The facts of the instant case are undisputed. On November 13, 1973, plaintiff entered into two mineral lease agreements with J. W. Rettig, Jr. Through a series of assignments, these leases were ultimately acquired by the defendant, Goldking. On or about August 21, 1974, Goldking drilled and completed a gas well, referred to as the Bernard No. 1 well, which was physically located on land owned by Raywood Bernard et al., which lands are situated adjacent to the lands owned by the plaintiff.[1] The well was initially shut-in because of non-availability of a reasonable market. Approximately one month later, Goldking retained the services of Ted Hoz, a consulting geologist, for the purpose of determining the advisability of creating producing units for the productive sands found in the Bernard No. 1 well. At some time in late December 1974 or early January, 1975, Mr. Hoz advised Goldking to file an application with the Commissioner of Conservation requestion the creation of drilling and producing units for the Siphonia Davisi No. 3 Sand (referred to as SD-3) and the shallower Cristelleria No. 6 Sand (referred to as Crist-6) pursuant to the provision of LSA-R. S. 30:9. On January 4, 1975 Goldking filed its initial notice of intent to apply for the aforementioned units. Subsequently, a pre-application hearing was scheduled for February 4, 1975 to be held in Lafayette, Louisiana. Following the pre-application hearing, on February 7, 1975, Goldking filed its formal application for a public hearing before the Commissioner of Conservation. The Commissioner set the hearing for April 8, 1975, thus, allowing sufficient time to provide the thirty day public notice and advertisement as mandated by statute.
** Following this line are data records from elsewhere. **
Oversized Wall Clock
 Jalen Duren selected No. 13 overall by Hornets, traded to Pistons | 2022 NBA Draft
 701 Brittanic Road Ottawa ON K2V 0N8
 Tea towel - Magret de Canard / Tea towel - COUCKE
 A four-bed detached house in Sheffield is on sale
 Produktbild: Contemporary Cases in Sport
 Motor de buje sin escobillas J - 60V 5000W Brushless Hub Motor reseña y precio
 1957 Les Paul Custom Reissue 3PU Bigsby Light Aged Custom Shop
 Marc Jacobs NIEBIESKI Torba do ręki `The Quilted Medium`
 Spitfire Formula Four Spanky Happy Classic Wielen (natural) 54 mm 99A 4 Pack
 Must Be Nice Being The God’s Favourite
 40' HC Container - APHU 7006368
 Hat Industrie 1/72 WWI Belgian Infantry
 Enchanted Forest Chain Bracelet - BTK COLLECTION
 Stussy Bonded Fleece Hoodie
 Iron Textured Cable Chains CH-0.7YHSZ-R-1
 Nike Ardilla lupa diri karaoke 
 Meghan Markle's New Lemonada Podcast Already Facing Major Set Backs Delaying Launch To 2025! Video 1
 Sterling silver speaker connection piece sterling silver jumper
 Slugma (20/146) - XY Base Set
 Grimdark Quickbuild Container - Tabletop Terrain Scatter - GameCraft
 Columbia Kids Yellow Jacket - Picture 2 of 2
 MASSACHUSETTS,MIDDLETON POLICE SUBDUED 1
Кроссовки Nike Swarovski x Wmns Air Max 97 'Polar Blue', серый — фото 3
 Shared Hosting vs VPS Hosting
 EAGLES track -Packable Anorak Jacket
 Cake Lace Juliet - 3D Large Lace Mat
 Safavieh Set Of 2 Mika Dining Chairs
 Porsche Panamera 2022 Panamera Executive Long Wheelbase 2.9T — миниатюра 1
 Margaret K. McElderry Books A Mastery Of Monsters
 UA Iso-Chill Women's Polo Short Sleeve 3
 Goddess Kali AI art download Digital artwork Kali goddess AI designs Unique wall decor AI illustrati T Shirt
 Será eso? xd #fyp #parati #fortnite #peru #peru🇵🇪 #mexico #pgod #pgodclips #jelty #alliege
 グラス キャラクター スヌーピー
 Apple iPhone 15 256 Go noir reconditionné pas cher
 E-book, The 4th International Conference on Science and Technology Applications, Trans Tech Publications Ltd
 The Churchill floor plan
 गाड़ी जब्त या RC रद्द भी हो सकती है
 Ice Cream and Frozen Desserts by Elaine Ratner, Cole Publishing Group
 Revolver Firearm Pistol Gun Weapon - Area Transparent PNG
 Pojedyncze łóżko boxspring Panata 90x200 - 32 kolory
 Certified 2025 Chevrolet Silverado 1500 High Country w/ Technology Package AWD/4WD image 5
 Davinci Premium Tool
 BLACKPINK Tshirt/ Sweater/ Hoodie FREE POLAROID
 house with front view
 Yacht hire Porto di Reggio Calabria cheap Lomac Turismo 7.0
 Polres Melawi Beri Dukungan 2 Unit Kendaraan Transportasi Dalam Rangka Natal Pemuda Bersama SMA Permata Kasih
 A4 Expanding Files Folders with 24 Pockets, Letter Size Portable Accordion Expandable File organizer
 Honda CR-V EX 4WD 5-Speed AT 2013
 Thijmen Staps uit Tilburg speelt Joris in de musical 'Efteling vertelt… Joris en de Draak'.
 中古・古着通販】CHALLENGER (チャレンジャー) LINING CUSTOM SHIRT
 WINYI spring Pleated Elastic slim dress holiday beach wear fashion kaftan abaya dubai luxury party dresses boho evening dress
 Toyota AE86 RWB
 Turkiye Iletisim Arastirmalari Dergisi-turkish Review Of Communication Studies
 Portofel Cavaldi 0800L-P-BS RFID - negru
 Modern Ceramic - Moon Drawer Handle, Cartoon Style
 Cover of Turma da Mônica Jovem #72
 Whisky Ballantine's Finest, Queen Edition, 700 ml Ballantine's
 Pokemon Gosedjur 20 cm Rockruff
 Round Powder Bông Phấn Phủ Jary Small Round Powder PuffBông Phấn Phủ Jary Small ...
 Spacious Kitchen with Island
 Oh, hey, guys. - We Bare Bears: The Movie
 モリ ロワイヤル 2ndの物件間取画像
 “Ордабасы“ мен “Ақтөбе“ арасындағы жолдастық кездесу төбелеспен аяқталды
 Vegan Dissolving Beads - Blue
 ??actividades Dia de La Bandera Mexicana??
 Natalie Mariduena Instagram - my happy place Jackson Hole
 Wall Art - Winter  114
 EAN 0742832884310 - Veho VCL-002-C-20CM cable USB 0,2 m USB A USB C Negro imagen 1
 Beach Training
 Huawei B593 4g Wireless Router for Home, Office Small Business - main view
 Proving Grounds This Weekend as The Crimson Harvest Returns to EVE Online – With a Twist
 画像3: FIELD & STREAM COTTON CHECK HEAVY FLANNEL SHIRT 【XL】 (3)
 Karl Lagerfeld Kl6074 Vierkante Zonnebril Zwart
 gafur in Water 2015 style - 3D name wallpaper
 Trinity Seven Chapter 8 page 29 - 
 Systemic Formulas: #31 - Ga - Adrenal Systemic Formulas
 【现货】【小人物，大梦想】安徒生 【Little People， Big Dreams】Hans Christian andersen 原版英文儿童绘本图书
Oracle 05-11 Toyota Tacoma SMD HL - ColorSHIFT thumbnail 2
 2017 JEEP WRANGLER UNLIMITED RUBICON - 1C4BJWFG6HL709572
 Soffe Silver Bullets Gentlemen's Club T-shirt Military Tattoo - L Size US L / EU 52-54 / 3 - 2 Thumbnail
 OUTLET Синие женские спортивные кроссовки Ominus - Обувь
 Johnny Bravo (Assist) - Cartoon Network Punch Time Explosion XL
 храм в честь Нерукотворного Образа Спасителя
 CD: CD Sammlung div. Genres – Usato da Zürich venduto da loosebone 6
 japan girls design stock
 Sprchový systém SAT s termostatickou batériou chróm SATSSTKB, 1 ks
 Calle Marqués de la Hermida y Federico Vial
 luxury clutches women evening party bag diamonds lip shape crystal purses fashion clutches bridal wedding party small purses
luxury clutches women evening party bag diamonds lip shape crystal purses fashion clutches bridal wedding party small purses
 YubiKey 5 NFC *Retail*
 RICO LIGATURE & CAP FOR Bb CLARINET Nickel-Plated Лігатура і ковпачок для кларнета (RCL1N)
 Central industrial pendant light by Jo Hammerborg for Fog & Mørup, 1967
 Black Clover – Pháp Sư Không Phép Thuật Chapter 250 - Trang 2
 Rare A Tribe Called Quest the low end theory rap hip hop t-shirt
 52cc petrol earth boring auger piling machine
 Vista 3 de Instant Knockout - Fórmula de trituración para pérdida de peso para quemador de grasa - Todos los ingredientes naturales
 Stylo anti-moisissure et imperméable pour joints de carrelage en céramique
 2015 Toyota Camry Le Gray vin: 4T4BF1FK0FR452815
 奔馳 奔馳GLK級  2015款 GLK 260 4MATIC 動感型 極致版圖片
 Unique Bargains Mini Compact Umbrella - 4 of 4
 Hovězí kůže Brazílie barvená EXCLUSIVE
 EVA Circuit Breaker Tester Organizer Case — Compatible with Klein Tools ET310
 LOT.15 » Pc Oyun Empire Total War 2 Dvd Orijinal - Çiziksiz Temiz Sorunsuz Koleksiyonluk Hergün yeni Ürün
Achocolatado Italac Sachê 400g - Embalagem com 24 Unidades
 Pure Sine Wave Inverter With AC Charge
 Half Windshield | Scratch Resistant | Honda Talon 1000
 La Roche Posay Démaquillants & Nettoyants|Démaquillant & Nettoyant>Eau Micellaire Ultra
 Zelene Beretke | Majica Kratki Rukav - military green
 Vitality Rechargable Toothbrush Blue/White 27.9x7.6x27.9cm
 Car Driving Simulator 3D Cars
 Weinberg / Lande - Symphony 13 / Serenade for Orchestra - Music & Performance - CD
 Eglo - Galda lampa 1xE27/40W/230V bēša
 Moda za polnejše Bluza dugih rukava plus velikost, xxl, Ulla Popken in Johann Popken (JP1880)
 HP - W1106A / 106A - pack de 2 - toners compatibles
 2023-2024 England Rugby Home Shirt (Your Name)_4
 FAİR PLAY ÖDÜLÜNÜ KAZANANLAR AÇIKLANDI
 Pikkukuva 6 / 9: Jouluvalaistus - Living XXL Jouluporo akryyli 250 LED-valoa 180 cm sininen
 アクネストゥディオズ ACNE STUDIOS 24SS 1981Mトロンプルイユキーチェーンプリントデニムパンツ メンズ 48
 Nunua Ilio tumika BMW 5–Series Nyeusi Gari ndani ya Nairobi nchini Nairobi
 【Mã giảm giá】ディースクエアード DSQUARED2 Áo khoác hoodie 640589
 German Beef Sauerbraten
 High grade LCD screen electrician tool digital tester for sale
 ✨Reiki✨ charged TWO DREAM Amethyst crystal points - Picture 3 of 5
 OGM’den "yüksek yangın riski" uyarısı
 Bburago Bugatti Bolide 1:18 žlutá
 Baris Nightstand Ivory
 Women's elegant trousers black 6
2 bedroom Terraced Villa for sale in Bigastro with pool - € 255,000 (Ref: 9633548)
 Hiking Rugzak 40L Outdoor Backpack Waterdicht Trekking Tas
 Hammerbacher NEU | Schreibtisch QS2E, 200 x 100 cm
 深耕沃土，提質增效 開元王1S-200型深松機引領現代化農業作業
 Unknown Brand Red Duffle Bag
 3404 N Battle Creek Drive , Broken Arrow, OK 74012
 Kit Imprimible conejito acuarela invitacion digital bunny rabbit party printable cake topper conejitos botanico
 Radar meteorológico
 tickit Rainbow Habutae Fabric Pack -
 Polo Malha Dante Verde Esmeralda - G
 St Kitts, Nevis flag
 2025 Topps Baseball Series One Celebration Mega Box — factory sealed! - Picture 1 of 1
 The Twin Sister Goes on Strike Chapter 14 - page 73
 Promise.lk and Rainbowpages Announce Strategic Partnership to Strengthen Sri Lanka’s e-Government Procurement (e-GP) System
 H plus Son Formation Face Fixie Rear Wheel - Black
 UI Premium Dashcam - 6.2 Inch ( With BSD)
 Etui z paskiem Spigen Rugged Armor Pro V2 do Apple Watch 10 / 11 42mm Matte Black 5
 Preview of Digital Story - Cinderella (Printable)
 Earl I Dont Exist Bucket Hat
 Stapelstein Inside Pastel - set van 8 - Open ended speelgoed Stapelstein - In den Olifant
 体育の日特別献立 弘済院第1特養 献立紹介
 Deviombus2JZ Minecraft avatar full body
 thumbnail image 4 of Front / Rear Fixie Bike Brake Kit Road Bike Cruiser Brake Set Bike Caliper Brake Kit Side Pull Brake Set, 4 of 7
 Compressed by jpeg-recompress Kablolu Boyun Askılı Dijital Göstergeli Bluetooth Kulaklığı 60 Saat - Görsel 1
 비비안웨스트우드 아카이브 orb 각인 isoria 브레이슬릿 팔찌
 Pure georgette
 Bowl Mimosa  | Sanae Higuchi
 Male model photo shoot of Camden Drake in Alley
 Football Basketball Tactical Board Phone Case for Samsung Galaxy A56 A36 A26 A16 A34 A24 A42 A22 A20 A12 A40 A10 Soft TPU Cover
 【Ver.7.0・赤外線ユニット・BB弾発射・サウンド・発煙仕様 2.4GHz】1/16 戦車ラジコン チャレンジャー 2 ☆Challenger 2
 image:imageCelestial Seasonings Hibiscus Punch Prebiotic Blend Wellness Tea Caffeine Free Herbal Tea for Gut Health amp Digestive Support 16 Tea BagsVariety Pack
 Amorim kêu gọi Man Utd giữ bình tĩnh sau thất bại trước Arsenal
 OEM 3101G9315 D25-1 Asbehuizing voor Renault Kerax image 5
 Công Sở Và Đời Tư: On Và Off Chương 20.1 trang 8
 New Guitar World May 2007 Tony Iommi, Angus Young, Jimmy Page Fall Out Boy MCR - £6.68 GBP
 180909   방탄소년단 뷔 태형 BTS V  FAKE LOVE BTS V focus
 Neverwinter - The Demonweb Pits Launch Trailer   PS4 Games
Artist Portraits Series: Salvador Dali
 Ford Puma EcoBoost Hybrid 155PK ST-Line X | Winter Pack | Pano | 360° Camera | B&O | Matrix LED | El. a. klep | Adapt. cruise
While the aforesaid unitization procedure was ongoing, defendant was actively engaged in the search for a reasonable market for the gas to be produced from the Bernard No. 1 well. On February 16, 1975, after a market was located, the Bernard well was put on production. All lease royalties resulting from the gas produced from the subject well were paid to Raywood Bernard et al. Subsequently, the public hearing, scheduled by the Commissioner, was held resulting in the issuance of Department of Conservation Orders Nos. 367-D1 and 367-E which created producing units for the SD-3, Reservoir B, and the Crist-6 Sand, Reservoir B, as requested by the defendant. These units included substantial portions of the plaintiff's lands which were leased to defendant. The Commissioner of Conservation, despite opposition, set the effective date of the unitization order as May 1, 1975. Commencing as of that date, royalties were ultimately paid to those lessors who contributed lands to the aforesaid units, including plaintiff.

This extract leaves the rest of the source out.